* What to do *
In the entries below, identify every line with the string "Lipstick" and copy it.

* Provided entries *
● ● ●

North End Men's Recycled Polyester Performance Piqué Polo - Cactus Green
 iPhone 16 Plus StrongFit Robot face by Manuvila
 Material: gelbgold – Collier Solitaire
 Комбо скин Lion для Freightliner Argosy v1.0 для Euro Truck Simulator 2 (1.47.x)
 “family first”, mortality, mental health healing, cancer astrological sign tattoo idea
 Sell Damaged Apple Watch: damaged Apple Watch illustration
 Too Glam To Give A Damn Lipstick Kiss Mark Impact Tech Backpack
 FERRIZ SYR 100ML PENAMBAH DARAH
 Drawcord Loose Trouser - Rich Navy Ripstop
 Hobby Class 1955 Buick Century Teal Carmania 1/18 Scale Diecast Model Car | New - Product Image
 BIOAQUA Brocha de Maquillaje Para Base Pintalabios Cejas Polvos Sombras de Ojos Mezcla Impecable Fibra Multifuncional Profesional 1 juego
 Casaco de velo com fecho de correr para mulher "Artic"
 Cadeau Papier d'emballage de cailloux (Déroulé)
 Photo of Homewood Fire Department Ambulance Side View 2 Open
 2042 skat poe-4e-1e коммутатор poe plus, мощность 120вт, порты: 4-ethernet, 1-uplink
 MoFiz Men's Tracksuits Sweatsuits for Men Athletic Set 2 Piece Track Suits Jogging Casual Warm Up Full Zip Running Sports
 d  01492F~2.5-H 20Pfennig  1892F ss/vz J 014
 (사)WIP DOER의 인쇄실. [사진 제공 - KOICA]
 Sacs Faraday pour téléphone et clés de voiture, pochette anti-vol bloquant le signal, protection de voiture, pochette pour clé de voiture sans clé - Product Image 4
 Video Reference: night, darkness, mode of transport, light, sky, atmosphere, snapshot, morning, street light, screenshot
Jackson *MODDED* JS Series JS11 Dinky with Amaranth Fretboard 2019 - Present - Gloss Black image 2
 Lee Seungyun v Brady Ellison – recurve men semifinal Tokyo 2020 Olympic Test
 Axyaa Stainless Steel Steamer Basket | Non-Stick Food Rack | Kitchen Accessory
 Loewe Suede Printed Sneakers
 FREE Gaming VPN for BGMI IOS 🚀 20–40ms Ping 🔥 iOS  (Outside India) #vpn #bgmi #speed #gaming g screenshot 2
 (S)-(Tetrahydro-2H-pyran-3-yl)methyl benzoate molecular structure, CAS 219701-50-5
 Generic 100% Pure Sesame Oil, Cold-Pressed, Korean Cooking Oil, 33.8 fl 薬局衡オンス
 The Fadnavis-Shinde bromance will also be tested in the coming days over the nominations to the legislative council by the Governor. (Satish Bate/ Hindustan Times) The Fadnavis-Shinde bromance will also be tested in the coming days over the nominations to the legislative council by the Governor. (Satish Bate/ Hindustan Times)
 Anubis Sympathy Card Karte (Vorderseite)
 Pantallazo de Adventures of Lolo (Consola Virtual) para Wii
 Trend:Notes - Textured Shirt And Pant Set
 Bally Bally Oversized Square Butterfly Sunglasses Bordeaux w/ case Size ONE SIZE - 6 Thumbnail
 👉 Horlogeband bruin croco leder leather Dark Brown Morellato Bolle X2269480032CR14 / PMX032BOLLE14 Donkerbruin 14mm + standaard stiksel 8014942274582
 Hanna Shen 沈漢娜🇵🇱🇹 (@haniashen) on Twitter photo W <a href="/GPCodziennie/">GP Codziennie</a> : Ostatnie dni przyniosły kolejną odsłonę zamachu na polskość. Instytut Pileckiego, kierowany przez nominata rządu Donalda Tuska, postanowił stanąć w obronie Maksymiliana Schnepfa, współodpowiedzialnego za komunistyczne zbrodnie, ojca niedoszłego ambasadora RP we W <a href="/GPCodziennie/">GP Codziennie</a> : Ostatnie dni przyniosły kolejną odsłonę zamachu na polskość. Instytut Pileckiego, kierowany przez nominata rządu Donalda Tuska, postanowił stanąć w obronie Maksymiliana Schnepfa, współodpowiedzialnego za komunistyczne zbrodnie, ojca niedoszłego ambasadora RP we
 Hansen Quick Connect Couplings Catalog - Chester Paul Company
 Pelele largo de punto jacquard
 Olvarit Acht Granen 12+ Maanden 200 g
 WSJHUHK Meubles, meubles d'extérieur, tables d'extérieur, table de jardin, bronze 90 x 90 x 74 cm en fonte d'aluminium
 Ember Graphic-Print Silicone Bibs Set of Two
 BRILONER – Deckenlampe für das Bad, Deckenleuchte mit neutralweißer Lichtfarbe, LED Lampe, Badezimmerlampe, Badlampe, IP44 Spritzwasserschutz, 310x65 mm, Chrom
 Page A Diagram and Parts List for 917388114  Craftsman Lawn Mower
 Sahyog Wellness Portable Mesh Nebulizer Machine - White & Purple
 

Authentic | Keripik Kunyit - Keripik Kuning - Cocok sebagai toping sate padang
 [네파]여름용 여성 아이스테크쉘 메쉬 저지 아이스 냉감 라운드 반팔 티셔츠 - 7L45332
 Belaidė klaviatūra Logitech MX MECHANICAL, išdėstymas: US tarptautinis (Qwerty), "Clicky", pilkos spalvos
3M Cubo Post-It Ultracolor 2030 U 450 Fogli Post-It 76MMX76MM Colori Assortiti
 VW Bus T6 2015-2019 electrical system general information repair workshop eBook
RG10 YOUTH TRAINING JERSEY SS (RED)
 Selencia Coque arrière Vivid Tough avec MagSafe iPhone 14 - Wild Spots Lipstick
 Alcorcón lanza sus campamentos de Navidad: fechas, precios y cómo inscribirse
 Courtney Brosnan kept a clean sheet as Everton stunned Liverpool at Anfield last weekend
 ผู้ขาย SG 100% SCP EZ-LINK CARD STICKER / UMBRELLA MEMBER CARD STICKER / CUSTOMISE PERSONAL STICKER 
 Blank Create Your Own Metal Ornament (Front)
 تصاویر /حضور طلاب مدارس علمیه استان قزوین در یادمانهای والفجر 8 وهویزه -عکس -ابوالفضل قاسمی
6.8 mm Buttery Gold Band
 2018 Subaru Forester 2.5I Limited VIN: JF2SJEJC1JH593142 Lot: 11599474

● ● ●

* Solution to this exercise *
 Too Glam To Give A Damn Lipstick Kiss Mark Impact Tech Backpack
 Selencia Coque arrière Vivid Tough avec MagSafe iPhone 14 - Wild Spots Lipstick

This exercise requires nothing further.